Advertisements for alcoholic drinks (and any drinks marketed as mixers for alcoholic drinks) are also required to adhere to the Advertising Standards Authority for Ireland’s Code of Standards for Advertising and Marketing Communications in Ireland (the “ASAI Code”), which applies to all commercial advertisements, regardless of the medium in which they appear. This is currently in its 7th edition and will likely be updated to take account of the provisions of the Act.

Non-Alcoholic Drinks

To reflect the increased availability and popularity of Non-Alcoholic Drinks, the ASAI has developed new guidance in relation to advertising of non-alcohol product variants to assist companies in the development of their advertising campaigns and marketing communications for these products.

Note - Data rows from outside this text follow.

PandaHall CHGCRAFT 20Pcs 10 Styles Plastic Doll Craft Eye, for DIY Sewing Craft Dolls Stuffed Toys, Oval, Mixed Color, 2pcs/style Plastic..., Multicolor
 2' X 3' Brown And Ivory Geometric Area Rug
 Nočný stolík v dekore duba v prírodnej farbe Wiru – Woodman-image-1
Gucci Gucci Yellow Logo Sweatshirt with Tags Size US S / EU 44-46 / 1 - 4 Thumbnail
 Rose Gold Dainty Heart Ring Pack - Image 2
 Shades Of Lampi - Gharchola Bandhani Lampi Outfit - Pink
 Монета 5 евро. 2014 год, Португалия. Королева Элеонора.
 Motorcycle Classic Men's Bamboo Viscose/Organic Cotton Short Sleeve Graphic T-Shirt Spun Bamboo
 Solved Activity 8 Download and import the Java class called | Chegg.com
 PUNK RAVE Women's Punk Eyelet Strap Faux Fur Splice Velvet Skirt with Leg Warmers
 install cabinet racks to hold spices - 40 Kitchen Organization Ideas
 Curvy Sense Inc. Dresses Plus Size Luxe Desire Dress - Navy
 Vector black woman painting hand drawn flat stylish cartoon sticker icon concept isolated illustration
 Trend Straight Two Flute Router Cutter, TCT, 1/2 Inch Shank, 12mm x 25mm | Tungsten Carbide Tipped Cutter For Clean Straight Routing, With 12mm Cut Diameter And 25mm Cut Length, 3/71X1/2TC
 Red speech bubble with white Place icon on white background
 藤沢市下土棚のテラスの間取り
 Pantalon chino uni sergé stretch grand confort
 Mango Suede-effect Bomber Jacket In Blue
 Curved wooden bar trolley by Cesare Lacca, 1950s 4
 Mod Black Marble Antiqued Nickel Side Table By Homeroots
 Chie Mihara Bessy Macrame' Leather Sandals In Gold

The key points of the new guidelines are as follows:

  • it should be made very clear at the start and throughout the advertising that the product is non-alcoholic;
  • advertising in children’s media and close to schools must be avoided and advertising should not appeal to minors in either placement or content;
  • anyone depicted in the advertising shown drinking or playing a significant role should be aged over 25 and should appear to be over 25; and
  • advertisements for Non-Alcoholic Drinks should not later be repurposed for the advertising of other (alcoholic) variants of drinks under the same brand in the Irish market.

Conclusion

Manufacturers and advertisers of both alcoholic and Non-Alcoholic Drinks should take care to ensure that any advertising or marketing carried out complies with the Act, the ASAI Code and all ASAI guidelines.

This briefing is for general guidance only and should not be regarded as a substitute for professional advice. Such advice should always be taken before acting on any of the matters discussed.